* [What is required] Down to the last line below, write out every line exactly, starting with the one that contains "Chambray shirt" and leaving out the pictures.

* [Available data]
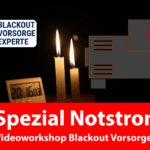 Notstrom - online kurs -Vorsorge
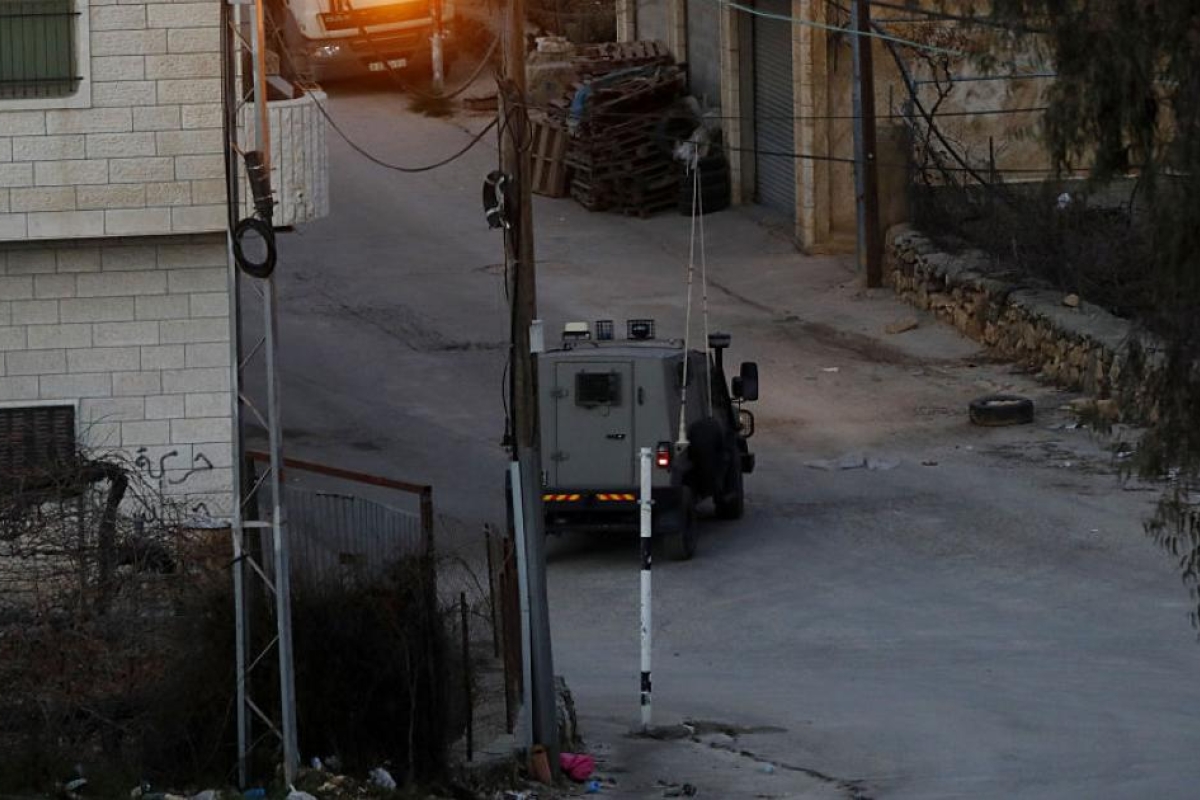 استشهاد شاب وإصابات في اقتحام إسرائيلي لأريحا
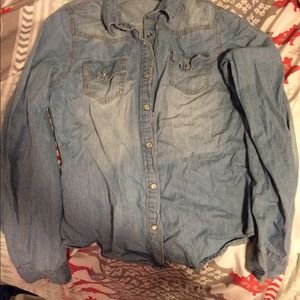 Chambray shirt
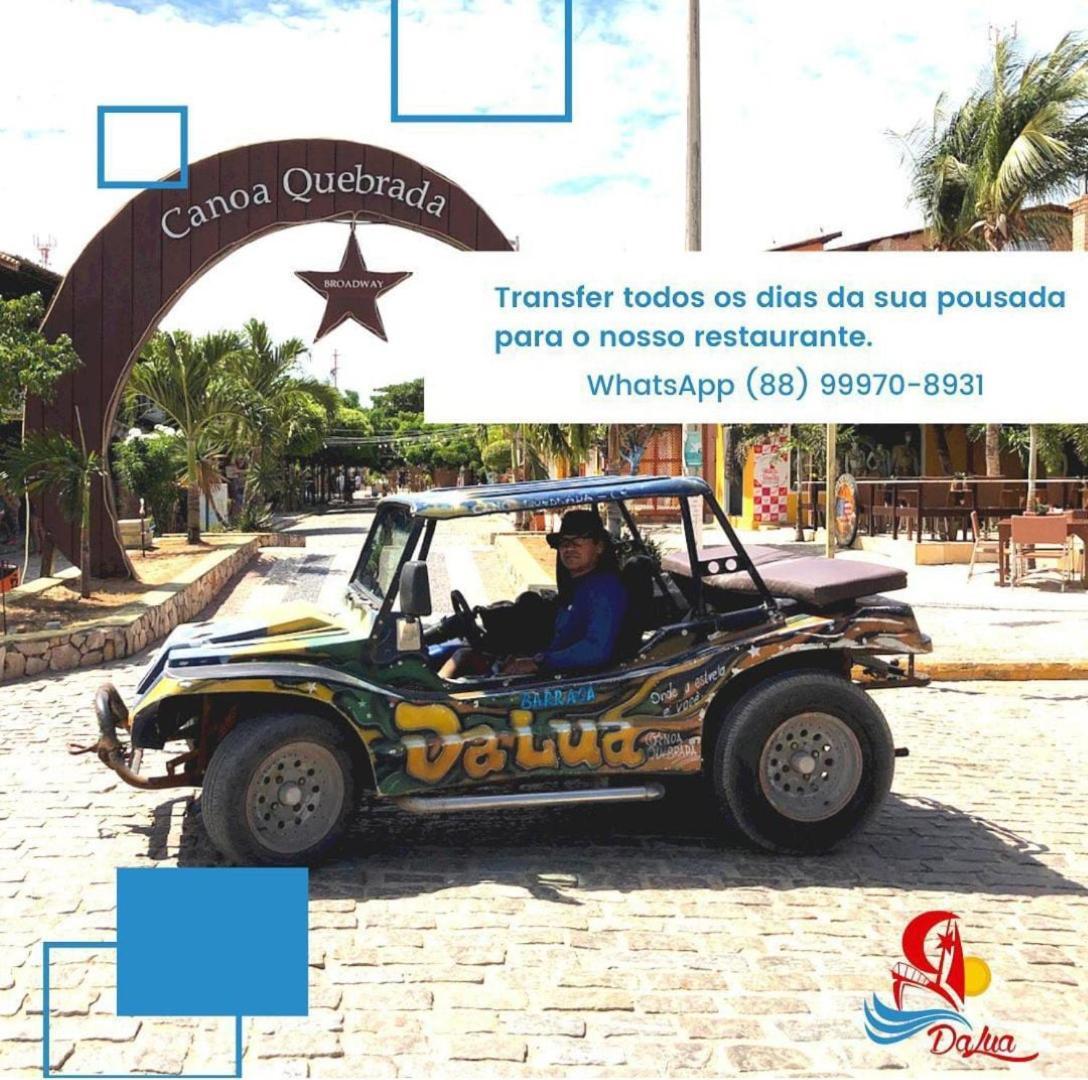 Pousada Terral - Broadway Em Canoa Quebrada Bagian luar foto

* [Task output]
 Chambray shirt
 Pousada Terral - Broadway Em Canoa Quebrada Bagian luar foto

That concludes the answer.